## THE DATA
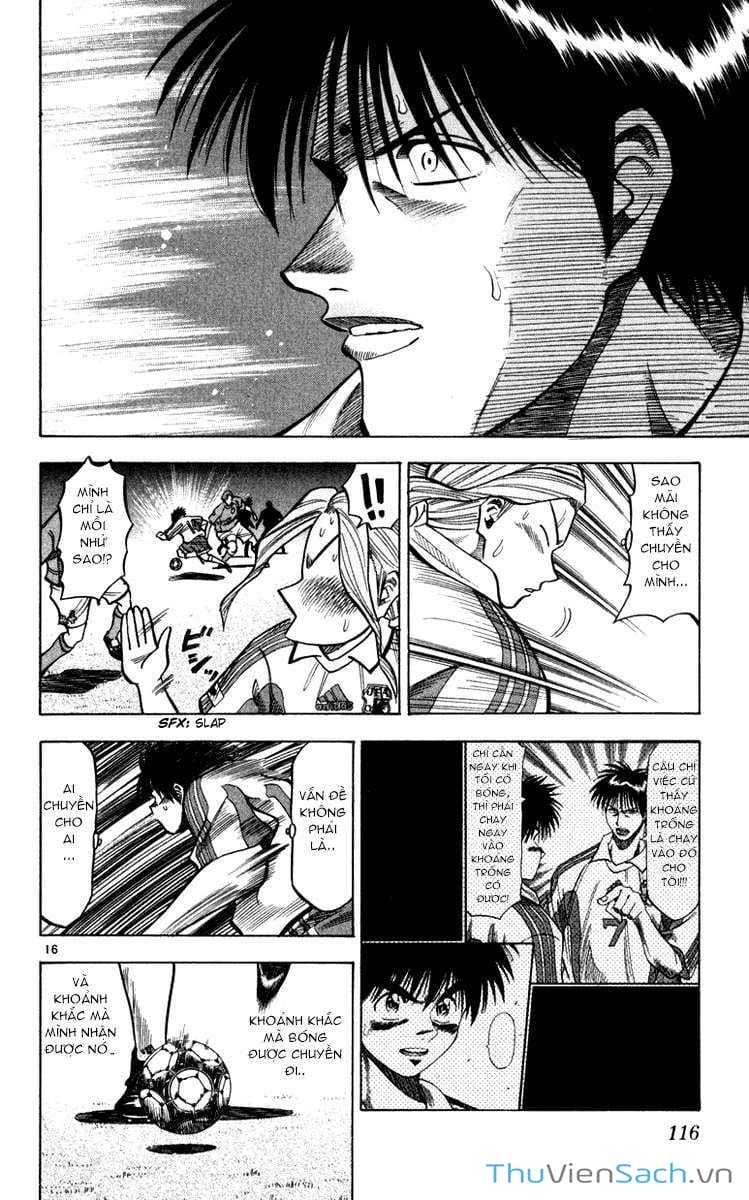 Truyện Tranh Vũ Điệu Trên Sân Cỏ - Fantasista trang 2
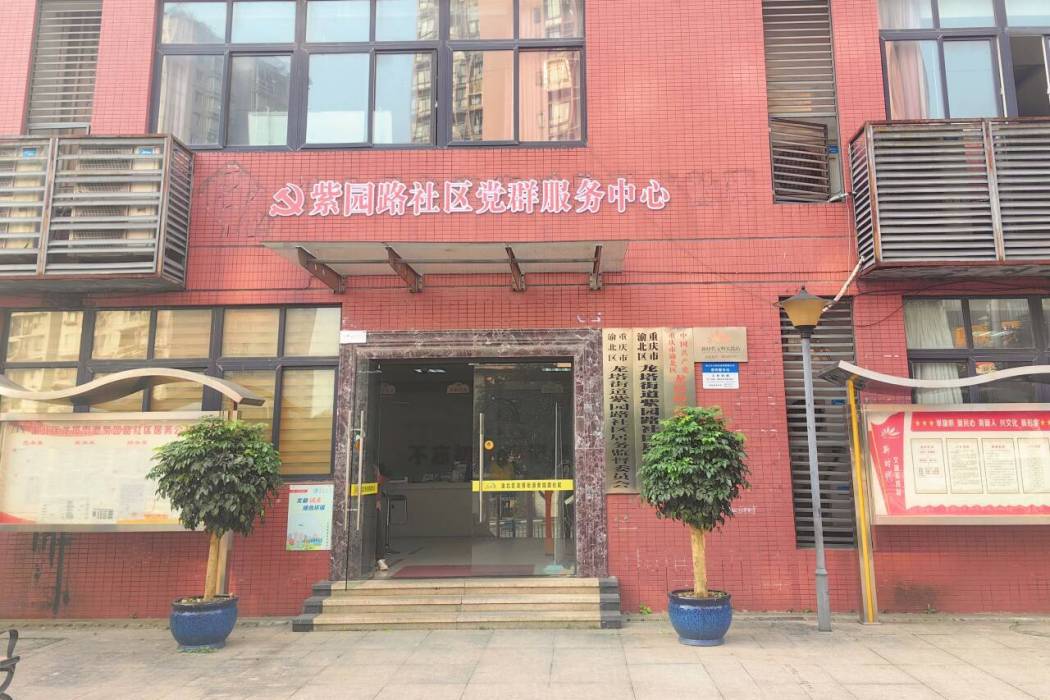 紫園路社區 紫園路社區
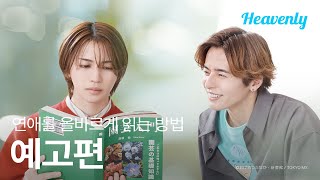 고등학생 때 날 괴롭힌 양아치가 어른되고 나서 저한테 고백했네요 | #연애를올바르게읽는방법 메인 티저 | 헤븐리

## WHAT TO PRODUCE
If a line holds a picture, skip the picture and transcribe the rest of the material exactly.

## RESULT OF THIS EXERCISE
 Truyện Tranh Vũ Điệu Trên Sân Cỏ - Fantasista trang 2
 紫園路社區 紫園路社區
 고등학생 때 날 괴롭힌 양아치가 어른되고 나서 저한테 고백했네요 | #연애를올바르게읽는방법 메인 티저 | 헤븐리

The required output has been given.